> _TASK OBJECTIVE_:
Starting at the line that holds "ছাত্রীর শ্লীলতাহানিতে অভিযুক্ত", quote every line through the end of the records, both boundary lines included. Omit the pictures.

[Opening RECORDS FOR THE EXERCISE section]

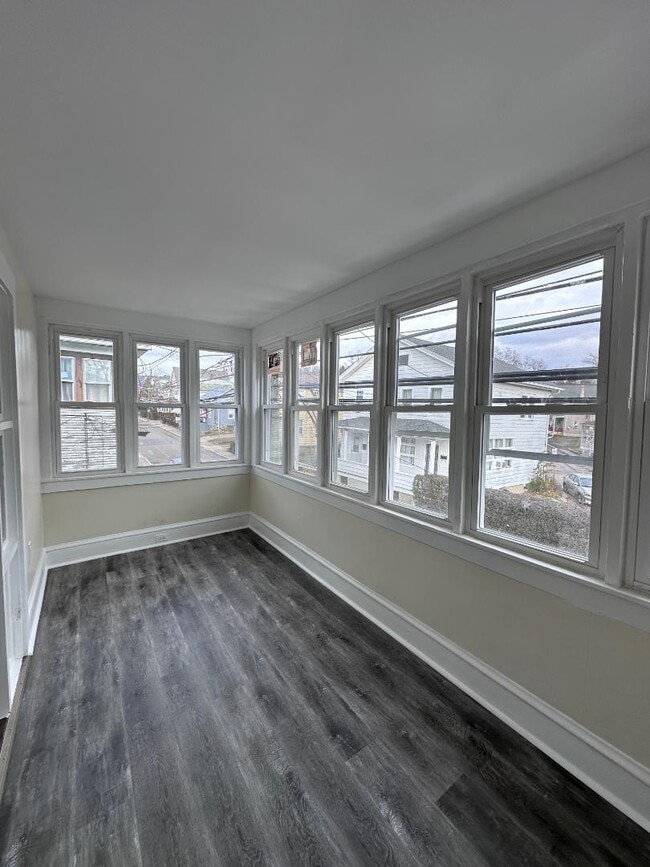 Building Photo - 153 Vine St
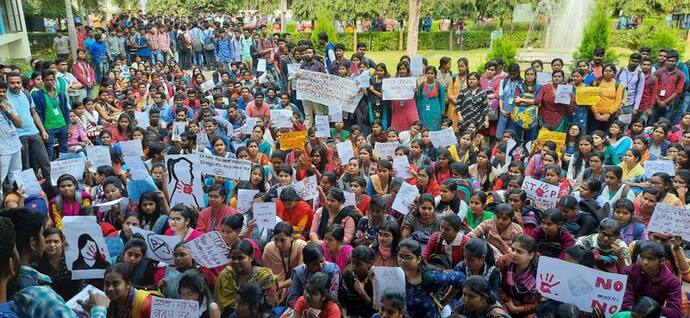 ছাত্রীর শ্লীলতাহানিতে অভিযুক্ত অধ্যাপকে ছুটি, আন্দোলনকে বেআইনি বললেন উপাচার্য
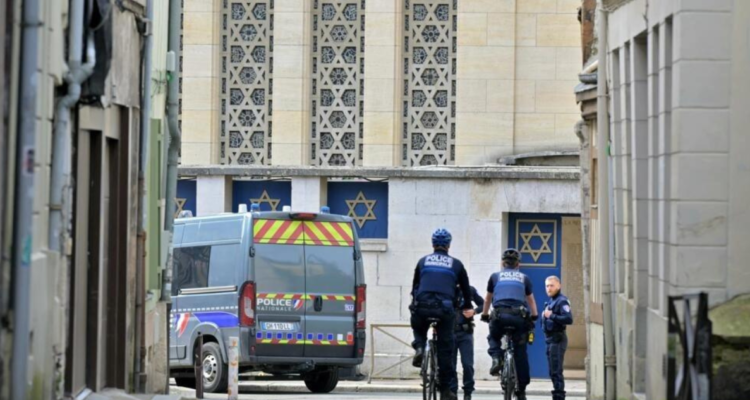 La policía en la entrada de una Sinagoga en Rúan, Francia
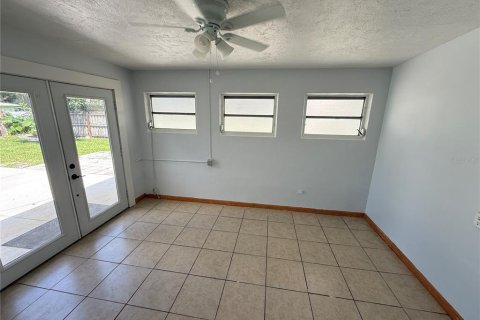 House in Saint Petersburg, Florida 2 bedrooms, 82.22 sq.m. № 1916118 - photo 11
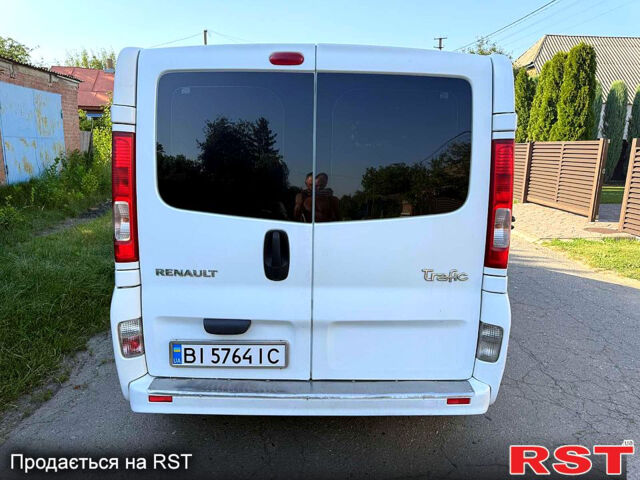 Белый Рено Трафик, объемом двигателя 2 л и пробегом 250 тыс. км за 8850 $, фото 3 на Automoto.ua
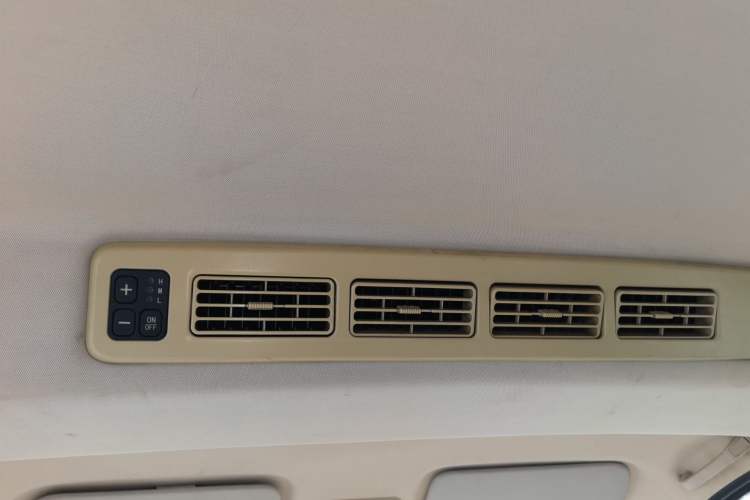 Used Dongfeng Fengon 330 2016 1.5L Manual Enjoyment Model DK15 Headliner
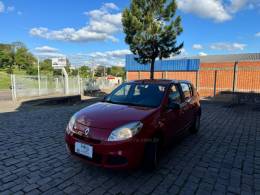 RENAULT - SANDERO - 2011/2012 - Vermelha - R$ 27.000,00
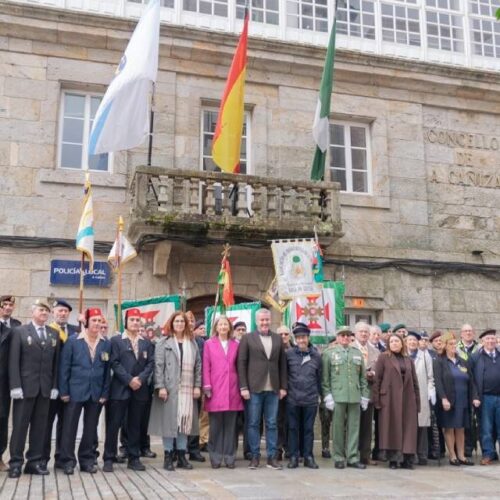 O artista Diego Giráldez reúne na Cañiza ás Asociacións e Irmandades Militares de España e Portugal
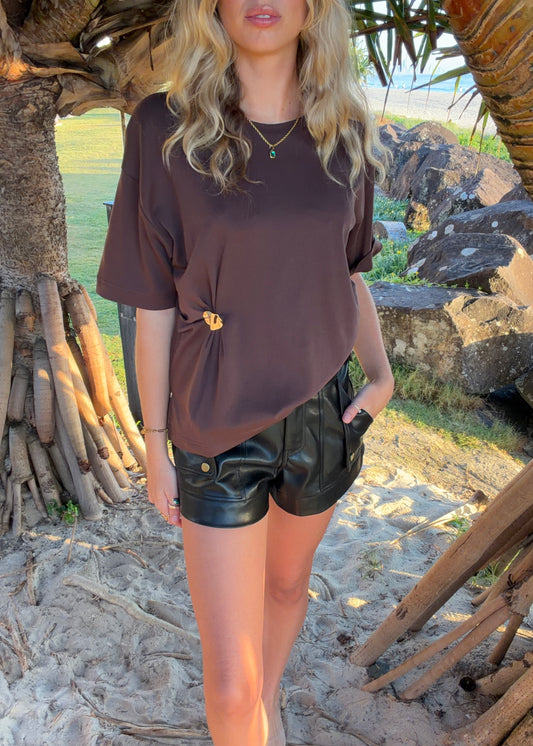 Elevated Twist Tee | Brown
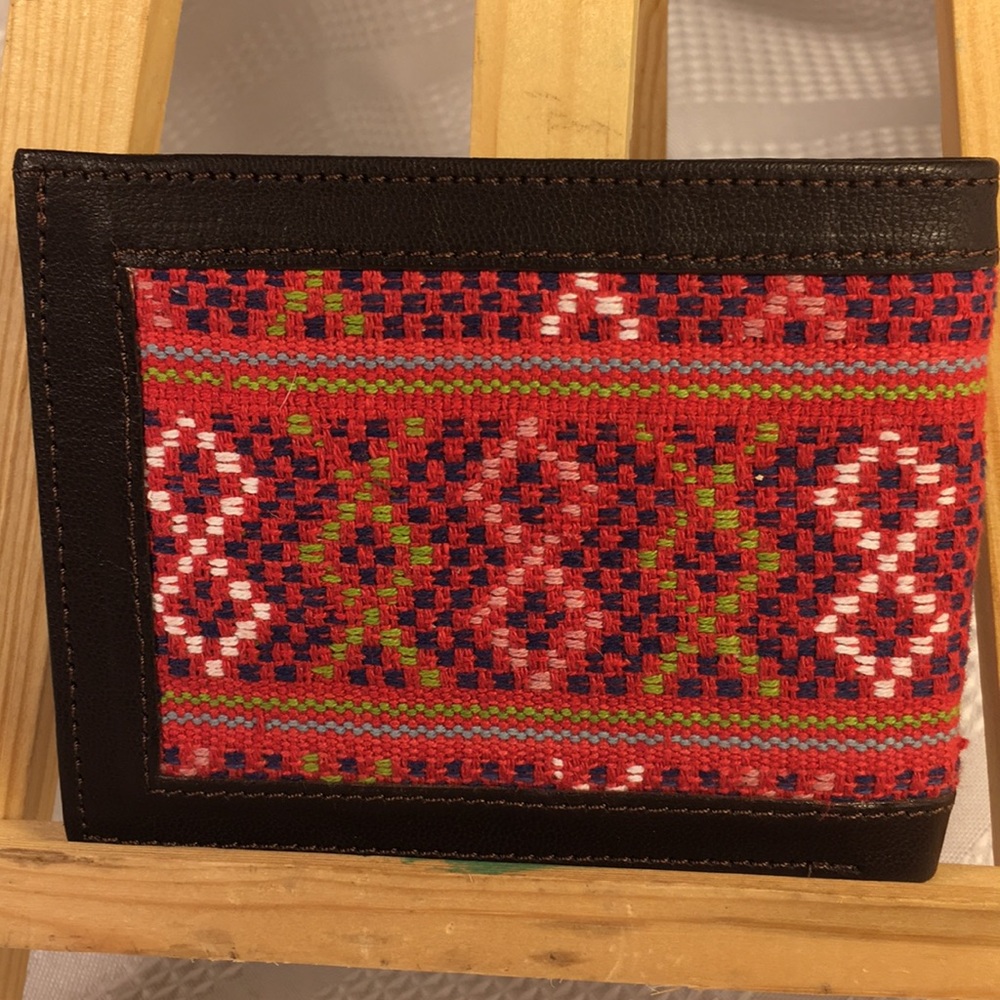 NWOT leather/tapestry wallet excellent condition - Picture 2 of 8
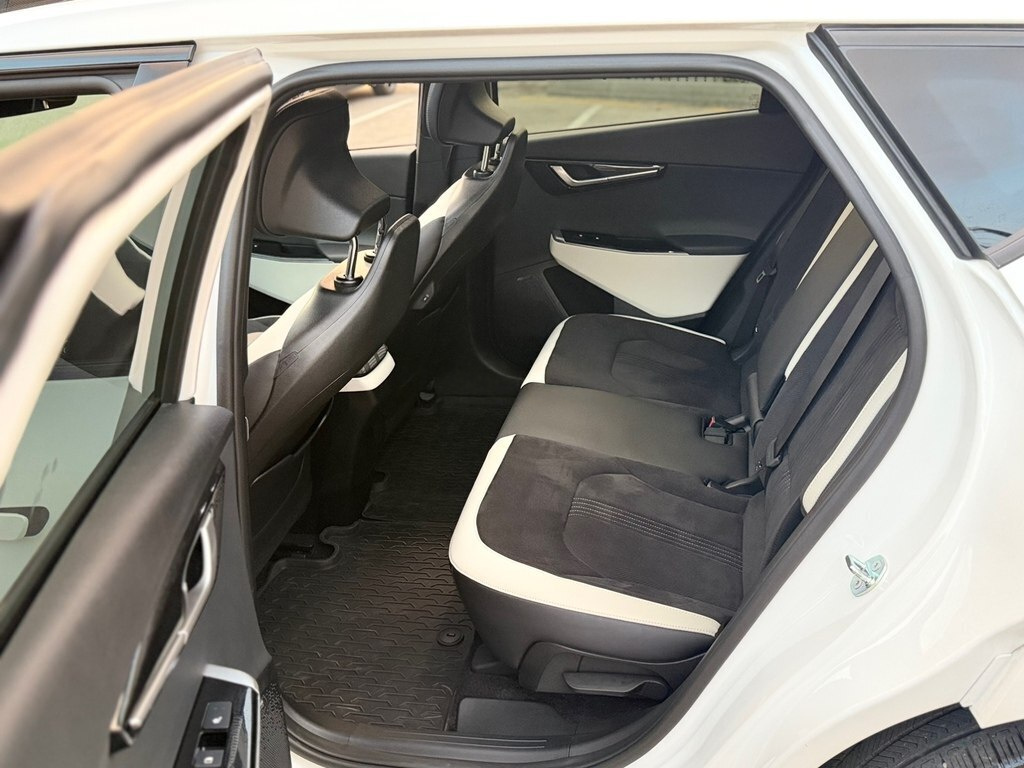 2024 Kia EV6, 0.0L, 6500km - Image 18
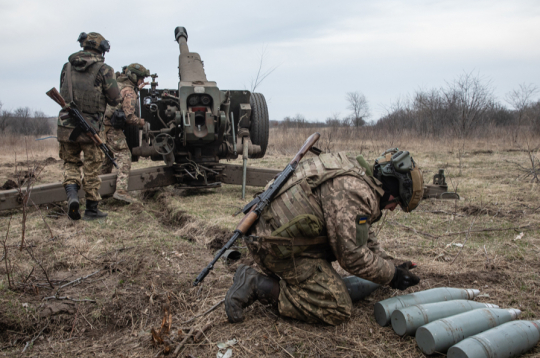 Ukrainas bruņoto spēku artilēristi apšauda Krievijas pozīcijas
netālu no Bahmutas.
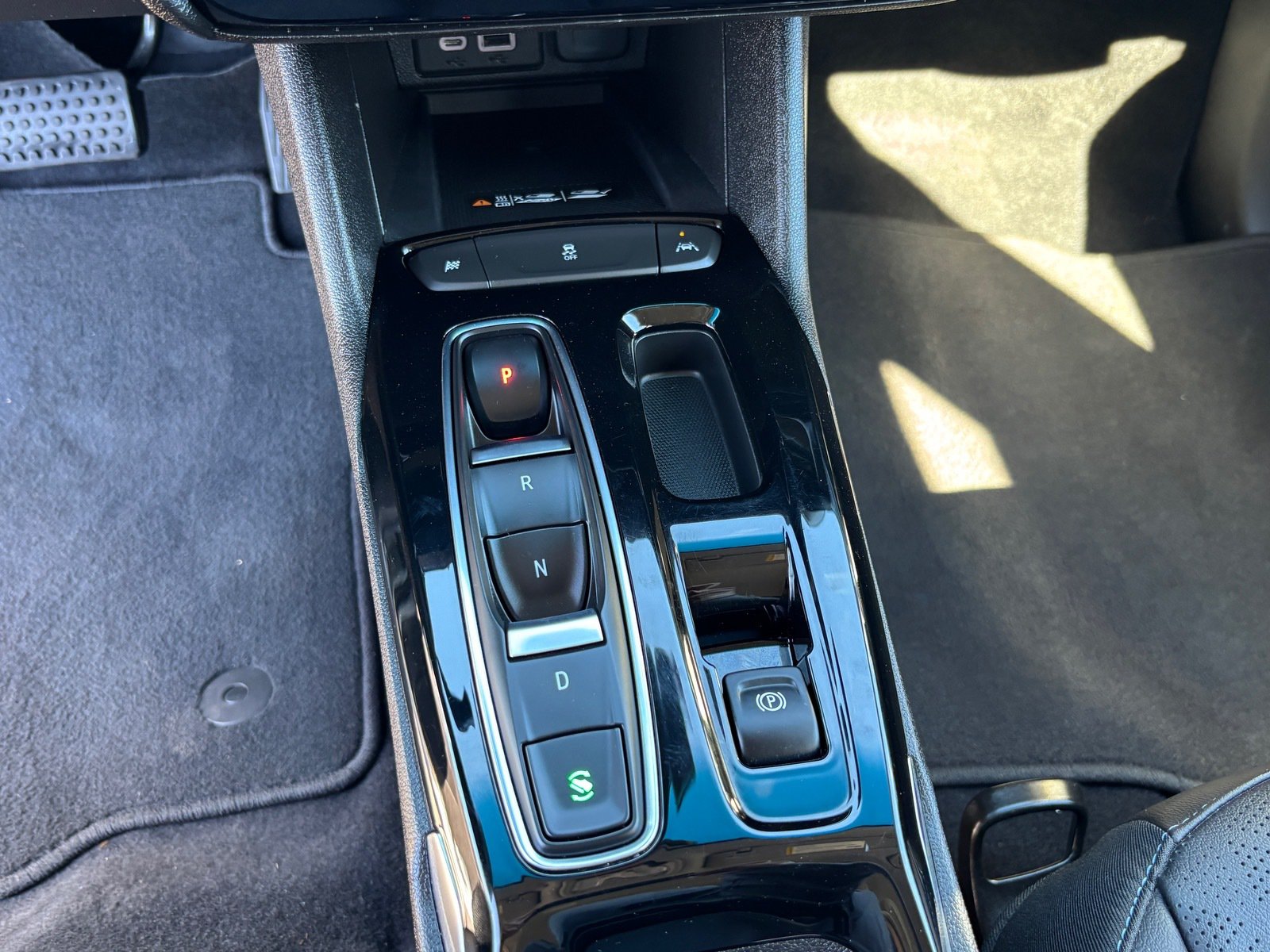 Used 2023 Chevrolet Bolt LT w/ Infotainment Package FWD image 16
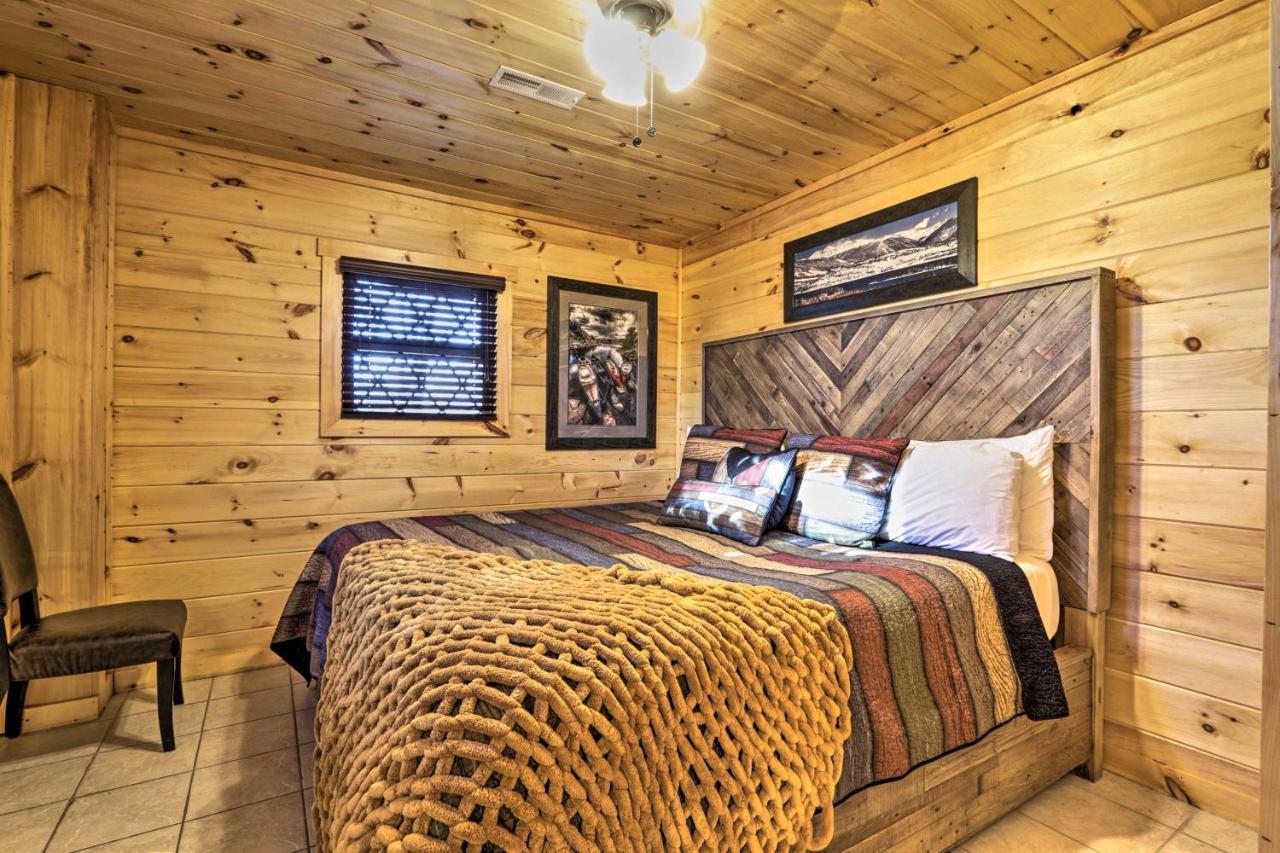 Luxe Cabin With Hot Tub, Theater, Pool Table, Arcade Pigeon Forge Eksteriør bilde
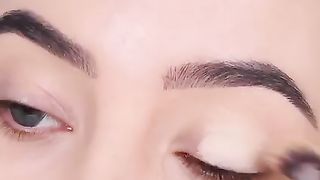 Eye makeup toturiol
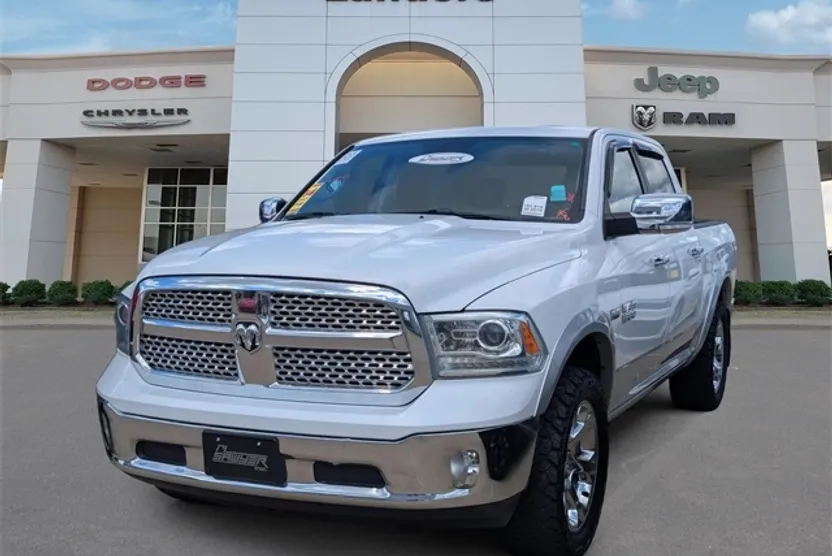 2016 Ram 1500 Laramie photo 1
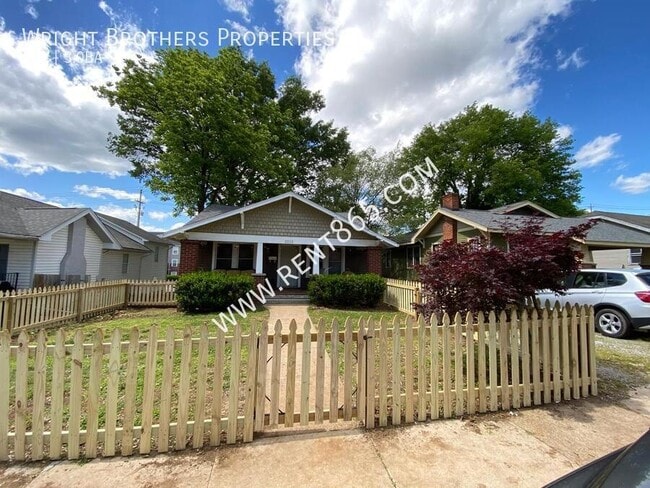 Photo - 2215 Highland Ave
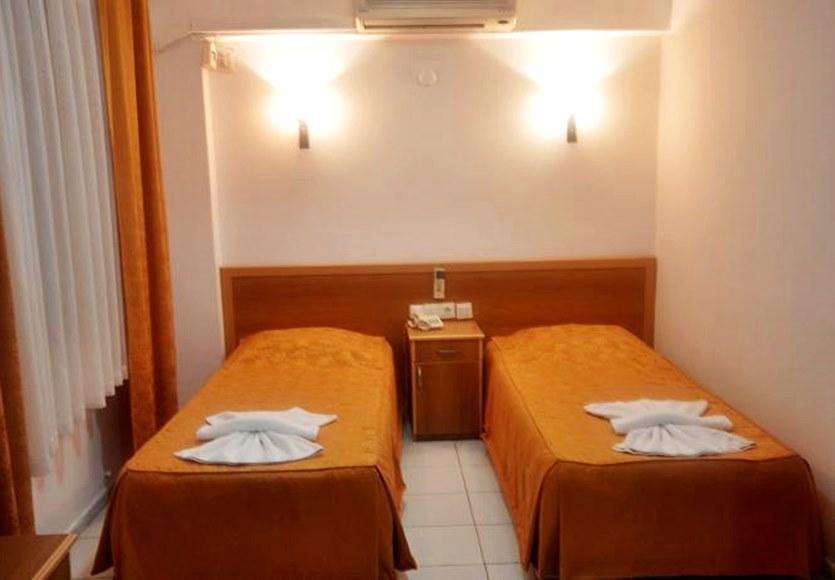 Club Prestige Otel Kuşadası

[Closing RECORDS FOR THE EXERCISE section]

> _REPLY TO THE EXERCISE_:
 ছাত্রীর শ্লীলতাহানিতে অভিযুক্ত অধ্যাপকে ছুটি, আন্দোলনকে বেআইনি বললেন উপাচার্য
 La policía en la entrada de una Sinagoga en Rúan, Francia
 House in Saint Petersburg, Florida 2 bedrooms, 82.22 sq.m. № 1916118 - photo 11
 Белый Рено Трафик, объемом двигателя 2 л и пробегом 250 тыс. км за 8850 $, фото 3 на Automoto.ua
 Used Dongfeng Fengon 330 2016 1.5L Manual Enjoyment Model DK15 Headliner
 RENAULT - SANDERO - 2011/2012 - Vermelha - R$ 27.000,00
 O artista Diego Giráldez reúne na Cañiza ás Asociacións e Irmandades Militares de España e Portugal
 Elevated Twist Tee | Brown
 NWOT leather/tapestry wallet excellent condition - Picture 2 of 8
 2024 Kia EV6, 0.0L, 6500km - Image 18
 Ukrainas bruņoto spēku artilēristi apšauda Krievijas pozīcijas
netālu no Bahmutas.
 Used 2023 Chevrolet Bolt LT w/ Infotainment Package FWD image 16
 Luxe Cabin With Hot Tub, Theater, Pool Table, Arcade Pigeon Forge Eksteriør bilde
 Eye makeup toturiol
 2016 Ram 1500 Laramie photo 1
 Photo - 2215 Highland Ave
 Club Prestige Otel Kuşadası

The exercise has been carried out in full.